WHAT IS BEING ASKED: No pictures go in the copy; retype exactly the lines from the one with "Ukrainarna Natalia, Eva" through the last line of the records.
(Beginning of INPUT RECORDS)
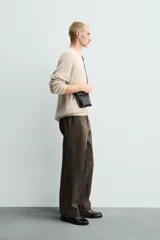 Pantalón chino de corte regular fit, confeccionado en tejido de algodón con estructura diagonal. Presenta bolsillos frontales, bolsillos traseros de vivo con botón y cierre frontal con cremallera y botón.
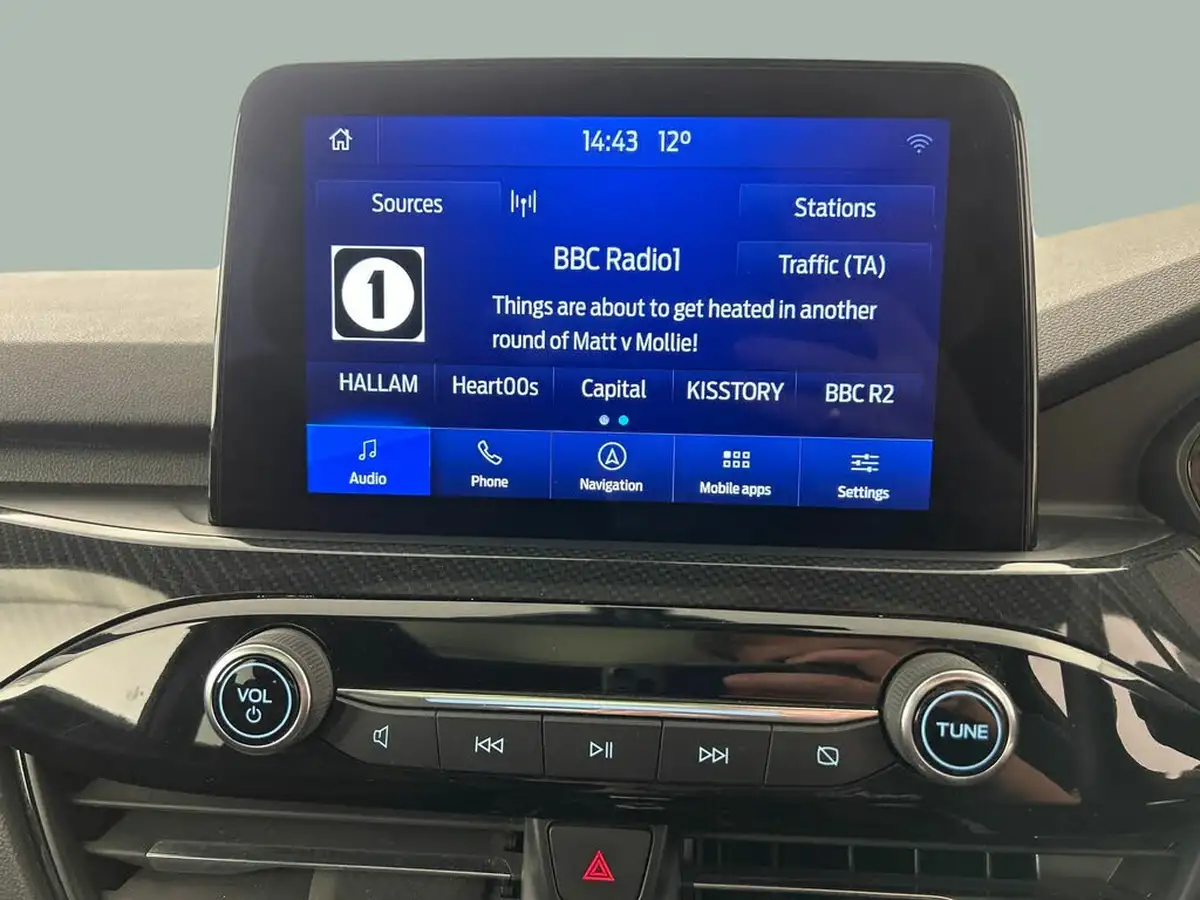 2021-ford-kuga-15-st-line-x-edition-big-24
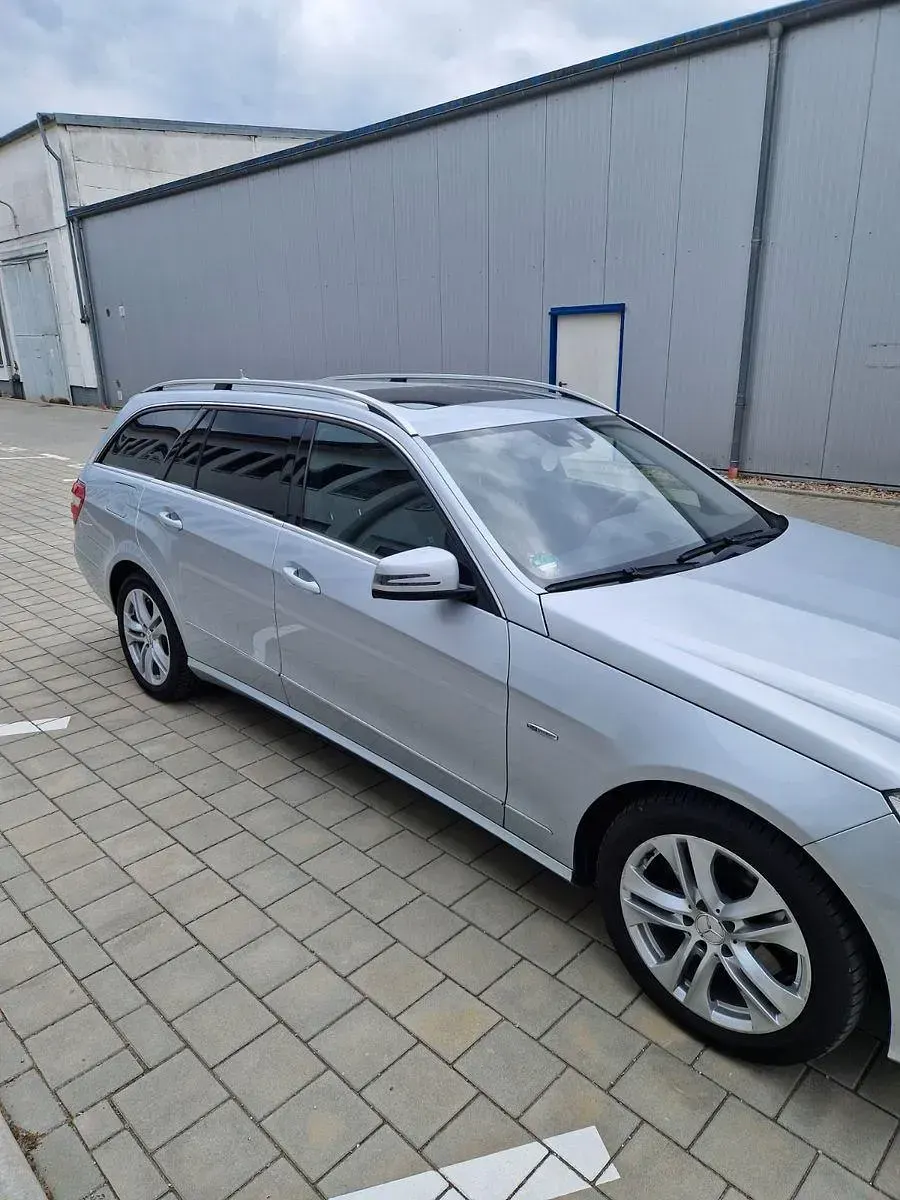 Gebraucht Mercedes E250 Avantgarde 204 PS (150 kW) 2010 Silber Kombi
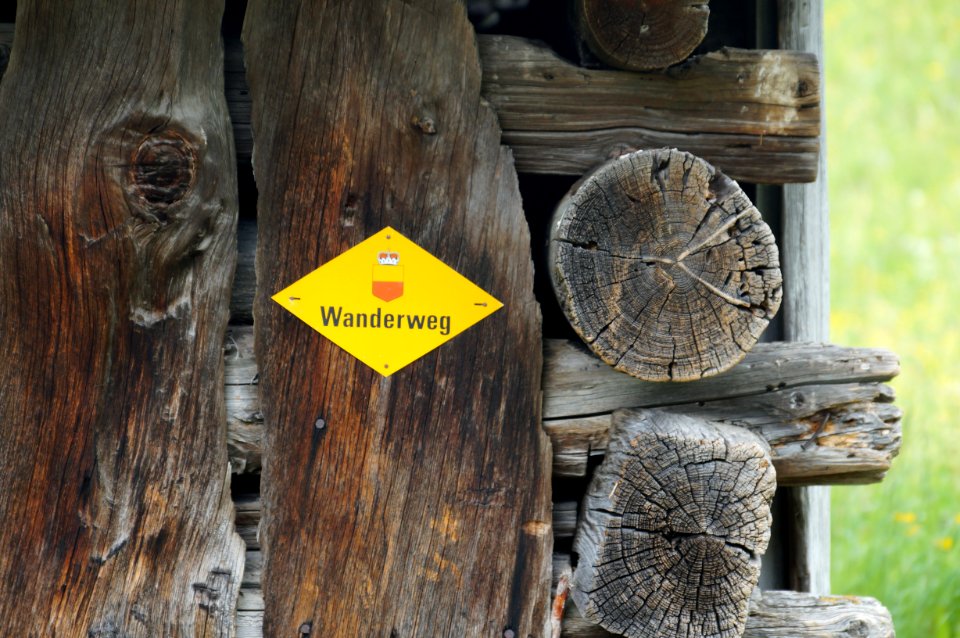 Wanderwegzeichen Gnalp – WAF 300 J FL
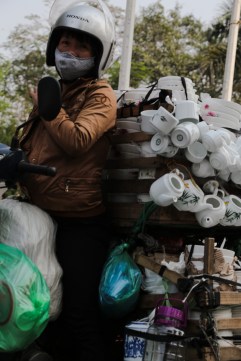 hanoi-how-else-would-you-deliver-dishware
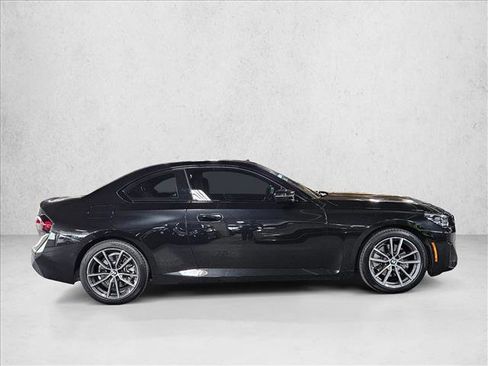 Certified 2025 BMW 230i xDrive Coupe w/ Convenience Package AWD/4WD image 4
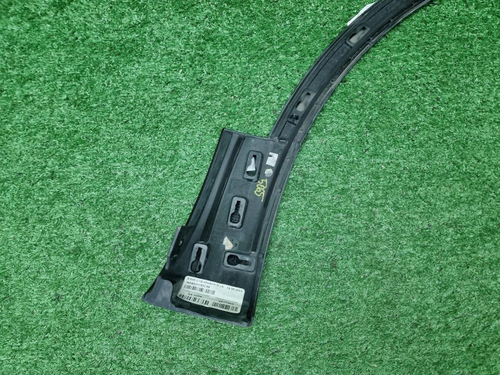 Расширитель передний левый Bentley Bentayga 15-нв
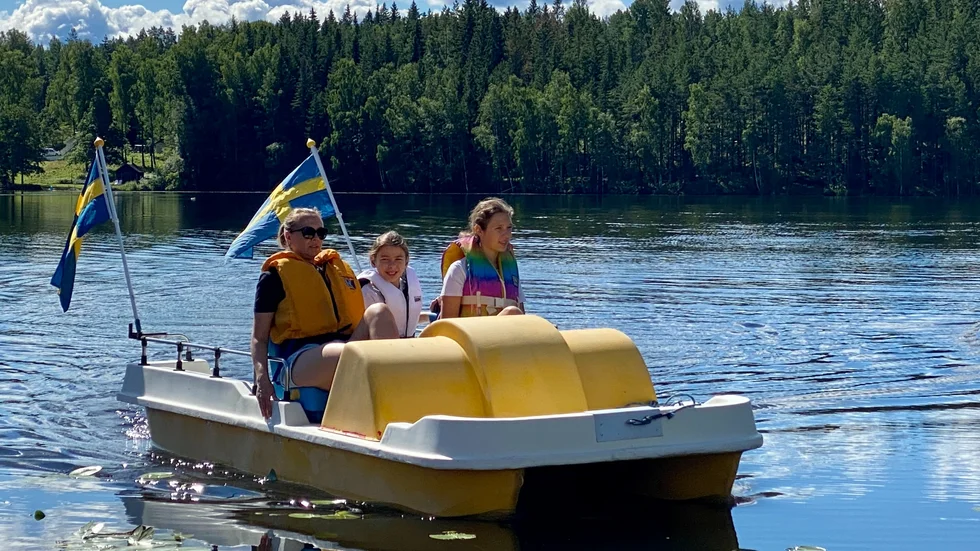 Ukrainarna Natalia, Eva och Elisa njöt av en trampbåtstur i Högsjö.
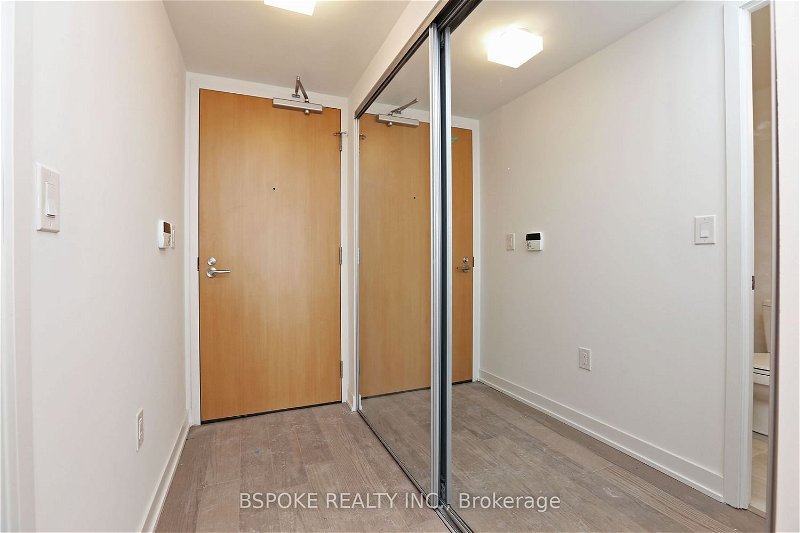 11 Wellesley St W, unit 3210 for rent - image #2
(End of INPUT RECORDS)
EXPECTED OUTPUT:
 Ukrainarna Natalia, Eva och Elisa njöt av en trampbåtstur i Högsjö.
 11 Wellesley St W, unit 3210 for rent - image #2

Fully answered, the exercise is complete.